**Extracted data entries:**
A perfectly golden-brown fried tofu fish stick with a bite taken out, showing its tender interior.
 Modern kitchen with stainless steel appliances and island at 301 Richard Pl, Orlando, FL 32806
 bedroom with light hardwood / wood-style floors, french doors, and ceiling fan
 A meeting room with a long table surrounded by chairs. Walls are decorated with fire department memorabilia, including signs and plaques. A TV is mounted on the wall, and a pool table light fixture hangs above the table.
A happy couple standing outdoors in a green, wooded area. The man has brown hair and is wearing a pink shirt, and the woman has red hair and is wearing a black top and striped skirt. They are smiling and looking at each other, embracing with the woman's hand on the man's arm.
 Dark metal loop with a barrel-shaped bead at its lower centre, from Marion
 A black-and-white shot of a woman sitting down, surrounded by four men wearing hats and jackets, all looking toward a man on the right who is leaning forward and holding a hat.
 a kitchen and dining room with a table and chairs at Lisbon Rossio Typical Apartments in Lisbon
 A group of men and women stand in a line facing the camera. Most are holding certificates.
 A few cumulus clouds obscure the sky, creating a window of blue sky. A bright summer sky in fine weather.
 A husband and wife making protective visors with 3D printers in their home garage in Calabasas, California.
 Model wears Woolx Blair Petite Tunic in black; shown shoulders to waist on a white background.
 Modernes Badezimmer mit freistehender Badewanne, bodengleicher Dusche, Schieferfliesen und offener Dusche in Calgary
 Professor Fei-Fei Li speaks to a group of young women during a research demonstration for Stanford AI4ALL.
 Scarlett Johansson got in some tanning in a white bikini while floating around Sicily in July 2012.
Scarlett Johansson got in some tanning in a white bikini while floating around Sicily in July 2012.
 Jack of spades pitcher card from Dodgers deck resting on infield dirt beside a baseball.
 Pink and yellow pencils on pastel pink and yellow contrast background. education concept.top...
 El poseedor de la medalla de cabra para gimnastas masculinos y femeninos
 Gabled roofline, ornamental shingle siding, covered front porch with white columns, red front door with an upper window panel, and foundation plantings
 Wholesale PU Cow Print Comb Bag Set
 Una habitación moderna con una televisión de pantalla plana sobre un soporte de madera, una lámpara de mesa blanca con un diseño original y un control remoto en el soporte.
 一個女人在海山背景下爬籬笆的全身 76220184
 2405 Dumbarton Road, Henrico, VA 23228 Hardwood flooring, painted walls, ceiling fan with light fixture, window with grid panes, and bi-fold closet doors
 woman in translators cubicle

**Exercise goal:** Find the line with "Gabled roofline, ornamental" in the data above. Restate it and all later lines word for word, ending with the last line.

**The answer:**
 Gabled roofline, ornamental shingle siding, covered front porch with white columns, red front door with an upper window panel, and foundation plantings
 Wholesale PU Cow Print Comb Bag Set
 Una habitación moderna con una televisión de pantalla plana sobre un soporte de madera, una lámpara de mesa blanca con un diseño original y un control remoto en el soporte.
 一個女人在海山背景下爬籬笆的全身 76220184
 2405 Dumbarton Road, Henrico, VA 23228 Hardwood flooring, painted walls, ceiling fan with light fixture, window with grid panes, and bi-fold closet doors
 woman in translators cubicle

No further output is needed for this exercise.